Work to complete | Look below for the line with "marlins #13 Marcell" and the line with "Simple&Opulence 100% Washed". Copy exactly those two lines and every line between, but not the pictures.

Records supplied |
Segment Open

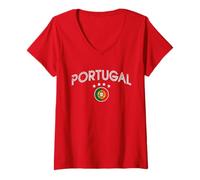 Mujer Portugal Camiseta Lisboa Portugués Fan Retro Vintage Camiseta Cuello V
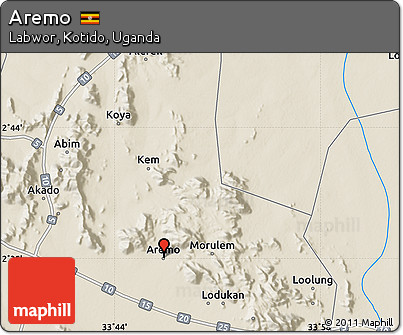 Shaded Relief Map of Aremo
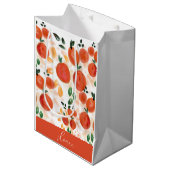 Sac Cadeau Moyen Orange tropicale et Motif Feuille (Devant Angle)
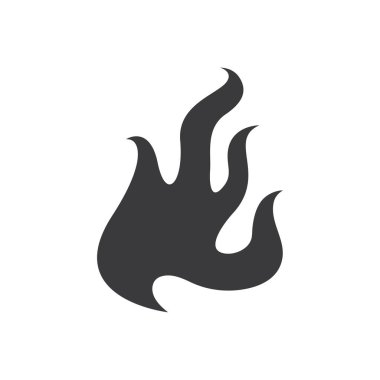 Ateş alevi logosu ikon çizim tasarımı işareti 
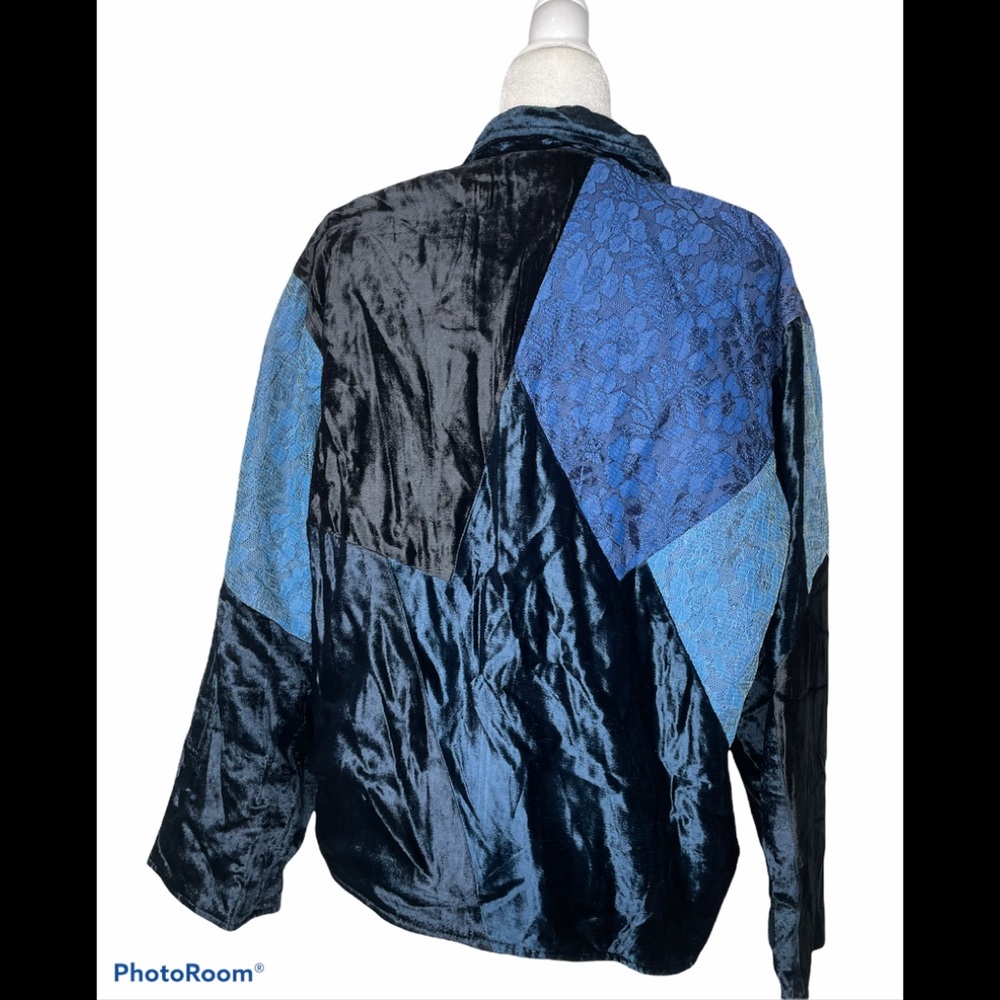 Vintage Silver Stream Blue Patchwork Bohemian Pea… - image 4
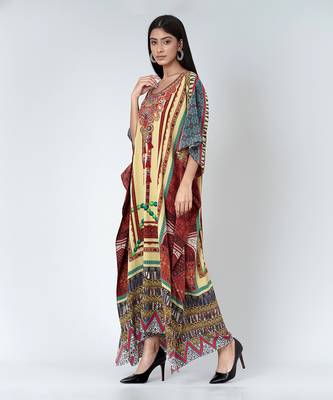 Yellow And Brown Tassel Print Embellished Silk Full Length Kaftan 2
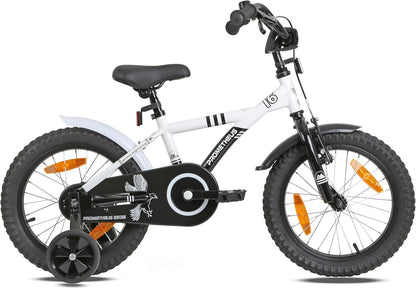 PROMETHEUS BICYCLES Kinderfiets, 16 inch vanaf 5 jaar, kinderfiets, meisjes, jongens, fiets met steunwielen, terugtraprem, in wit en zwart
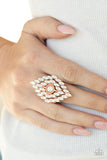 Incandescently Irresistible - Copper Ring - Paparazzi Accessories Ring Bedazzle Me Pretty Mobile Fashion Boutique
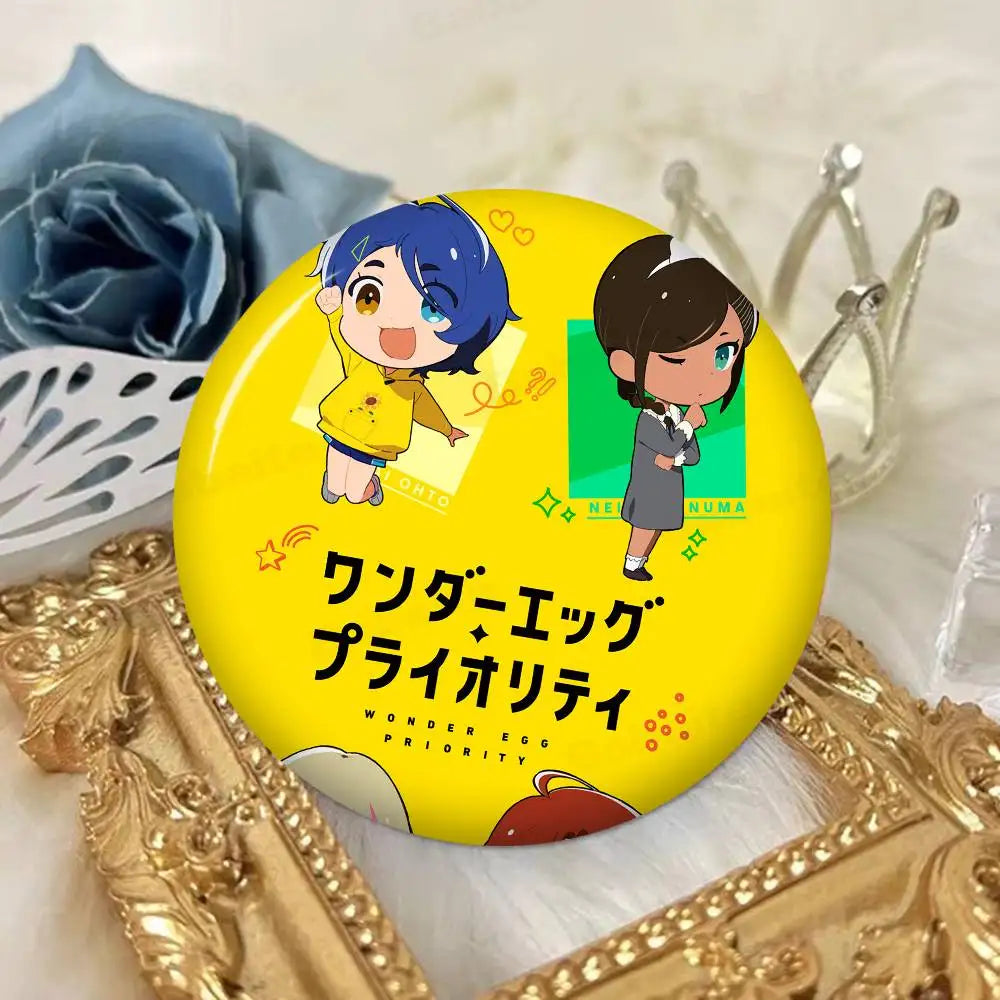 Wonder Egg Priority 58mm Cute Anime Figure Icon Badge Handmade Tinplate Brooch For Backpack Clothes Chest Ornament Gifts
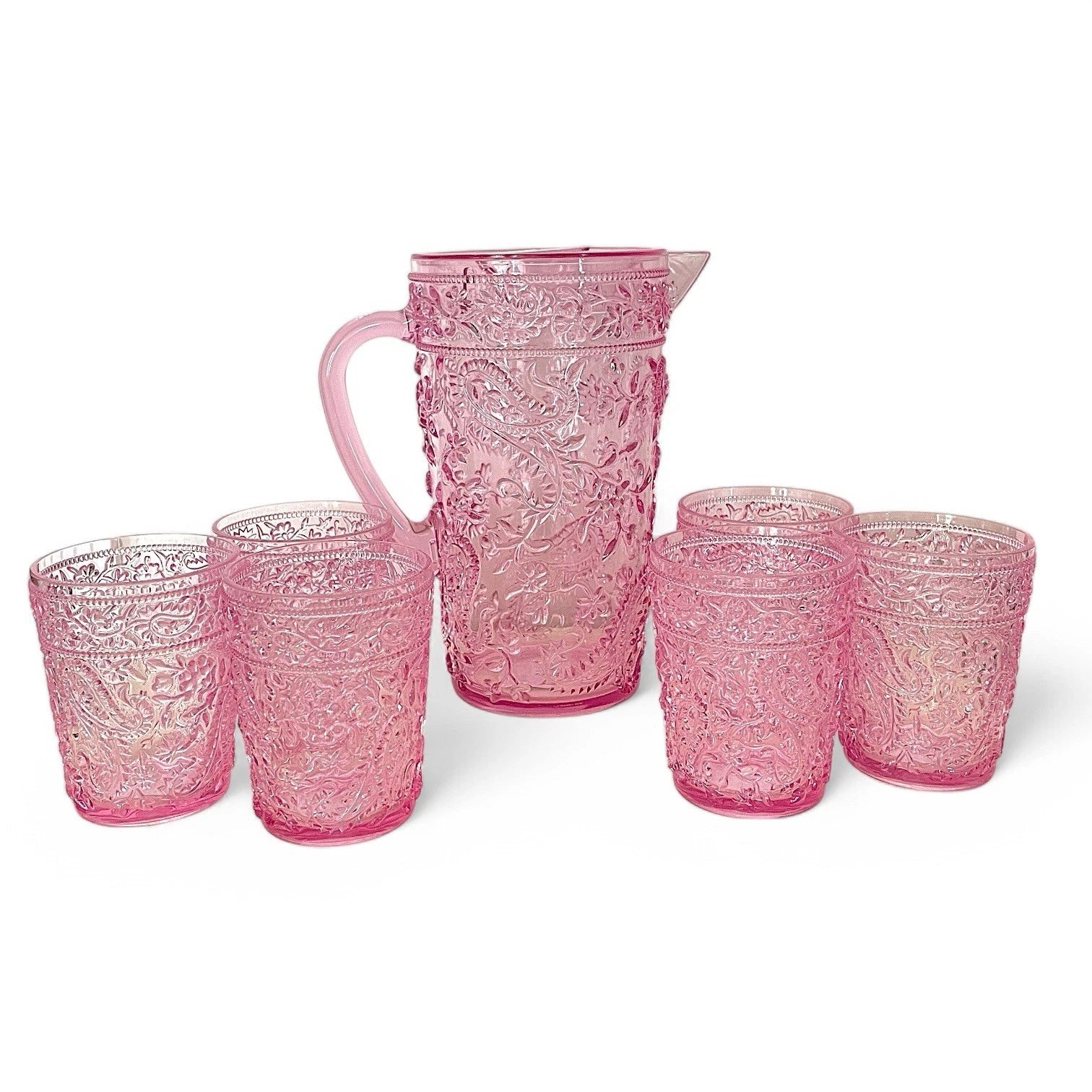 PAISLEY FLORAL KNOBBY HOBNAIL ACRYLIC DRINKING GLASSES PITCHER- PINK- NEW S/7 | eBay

Segment Closed
Segment Open

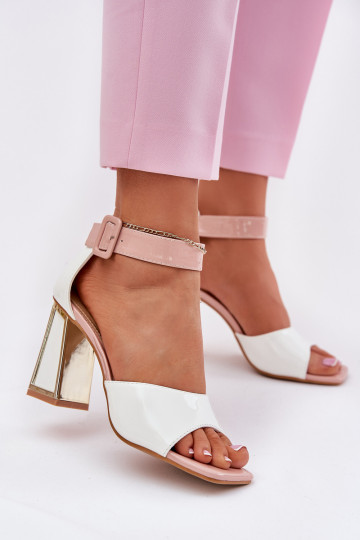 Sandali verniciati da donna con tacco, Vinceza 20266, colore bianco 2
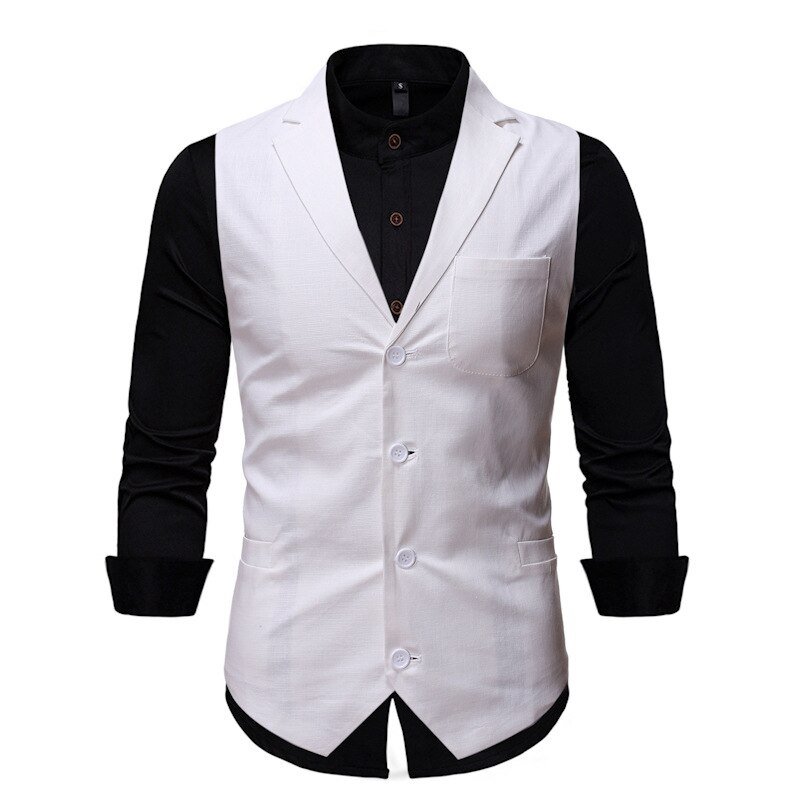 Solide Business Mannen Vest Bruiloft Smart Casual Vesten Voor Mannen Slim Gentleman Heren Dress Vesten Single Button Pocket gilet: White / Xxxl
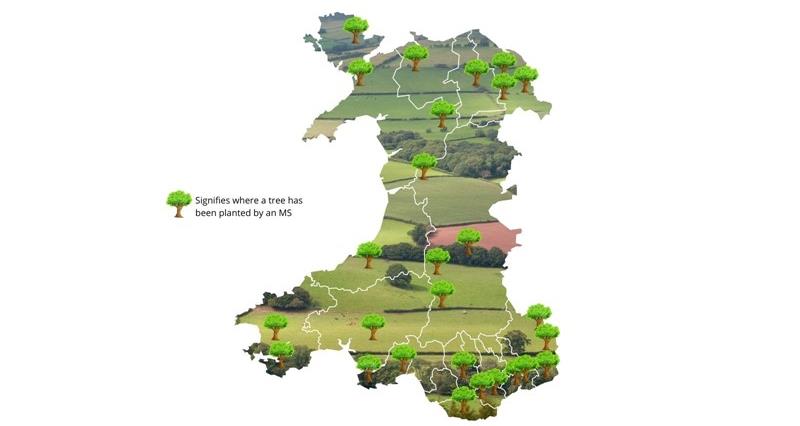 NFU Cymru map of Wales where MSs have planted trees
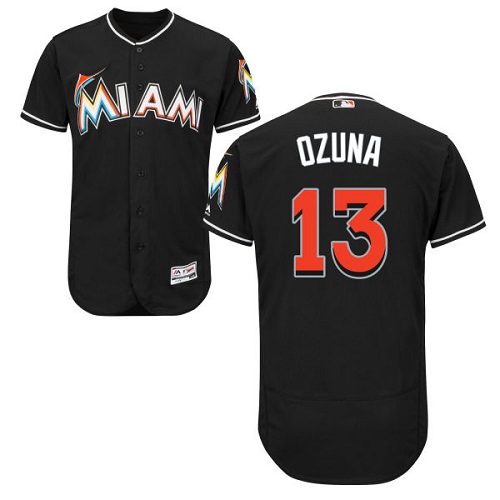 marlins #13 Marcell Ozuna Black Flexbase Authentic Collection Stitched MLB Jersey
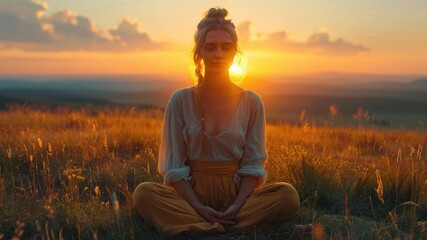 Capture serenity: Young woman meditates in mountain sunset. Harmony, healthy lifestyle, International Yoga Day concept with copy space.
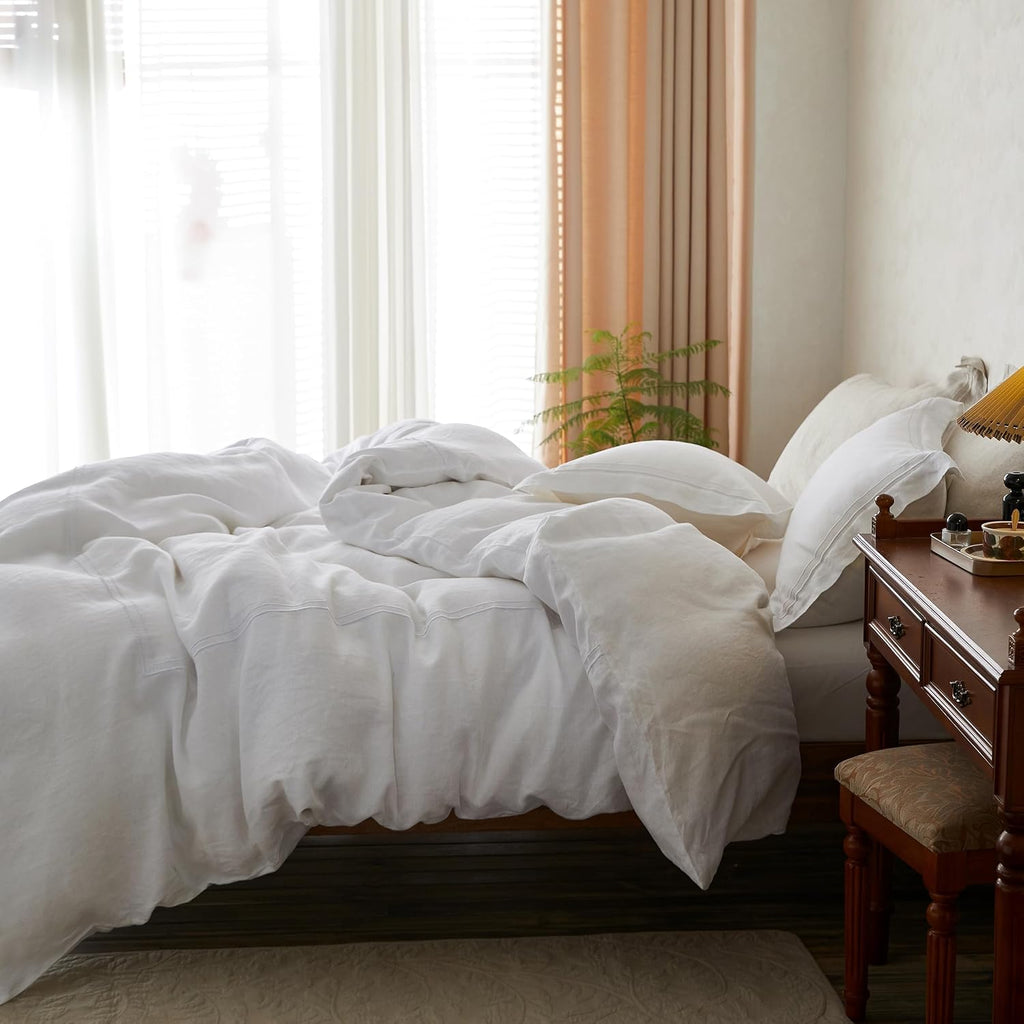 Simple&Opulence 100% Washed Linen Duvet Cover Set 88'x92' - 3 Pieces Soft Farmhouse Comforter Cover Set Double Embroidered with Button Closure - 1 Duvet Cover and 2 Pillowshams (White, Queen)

Segment Closed

Task solution |
 marlins #13 Marcell Ozuna Black Flexbase Authentic Collection Stitched MLB Jersey
 Capture serenity: Young woman meditates in mountain sunset. Harmony, healthy lifestyle, International Yoga Day concept with copy space.
 Simple&Opulence 100% Washed Linen Duvet Cover Set 88'x92' - 3 Pieces Soft Farmhouse Comforter Cover Set Double Embroidered with Button Closure - 1 Duvet Cover and 2 Pillowshams (White, Queen)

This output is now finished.